EU wants 8.1% rise in cigarette prices by 2014.
Maltese smokers will have to fork out more money to keep puffing in the next few years as the European Commission laid out new plans aimed at narrowing the difference in price levels of tobacco products in the 27 member states while cutting tobacco consumption.
According to computations made by the EU, the price of a packet of standard cigarettes in Malta will have to increase by 8.1% by 2014 in order to conform to the new rules on minimum taxation of tobacco products. At the same time, Brussels said that the increase in price in Malta should contribute to a reduction of 3.5 per cent in demand. The new proposed directive will need the green light of all the 27 EU member states in order to enter into force.
Smokers in the new EU member states are likely to be the most affected as taxes on cigarettes in these countries are still considered to be very low when compared to the EU average. Malta is however an exception as retail prices are already close to the average price in the EU. Currently, 60.82% of the price of a packet of cigarettes goes to the Exchequer in excise duty and VAT. Still, the EU say this is not enough.
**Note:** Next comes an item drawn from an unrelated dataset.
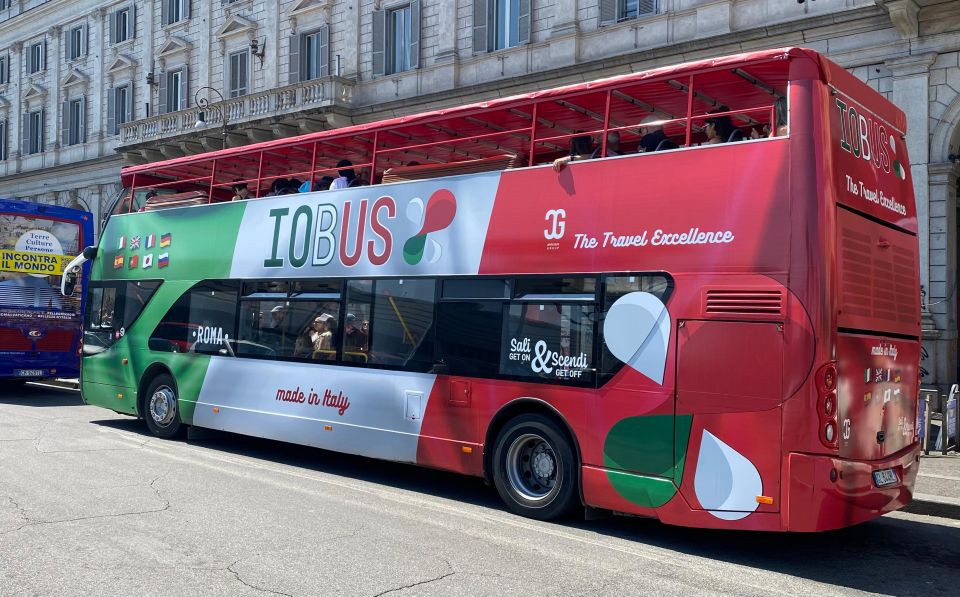 Rome: IoBus&RomeBoat Hop-On Hop-Off Bus and Boat Combo - Why this IoBus + Tiber cruise combo works in Rome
According to the EU, its proposal, part of a four-year review of tobacco duties, would reduce smuggling.
The Commission's primary tool would be to increase the minimum tax that member states impose on cigarettes.
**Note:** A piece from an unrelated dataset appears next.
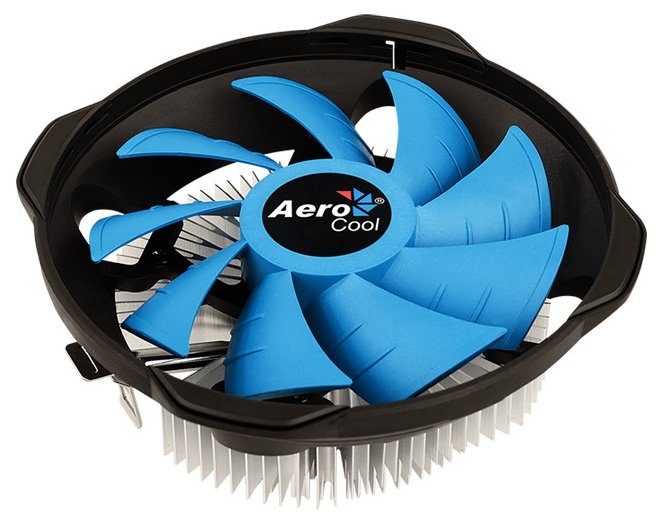 AeroCool BAS AUG кулер для процессора aerocool verkho 1 3p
At present, this minimum has two elements: the tax levied as a percentage of a packet's price, which must translate into a minimum price per 1,000 cigarettes. As a percentage, tax would have to rise from 57 per cent to 63 per cent by 2014 or from €64 per 1,000 cigarettes in the most popular price category to €90 for all categories.
Duties on loose-leaf tobacco would also be hiked to bring them more closely into line with those imposed on cigarettes.
A second element in the EU's plan is to tighten definitions of tobacco products because, during the past years, manufacturers have been able to re-classify products in order to quality for lower taxes.
Although through this new directive Maltese smokers would be badly hit, the impact on fellow smokers in some of the other new member states would be dramatic. According to EU calculations, while in countries like Denmark or Finland the price increase will be of about six per cent, in countries like Poland it will rise by 46 per cent.
Statistics show that in the five-year period between 2002 and 2006, excise duties in the EU rose by 33 per cent on average and cigarette consumption dropped 10 per cent.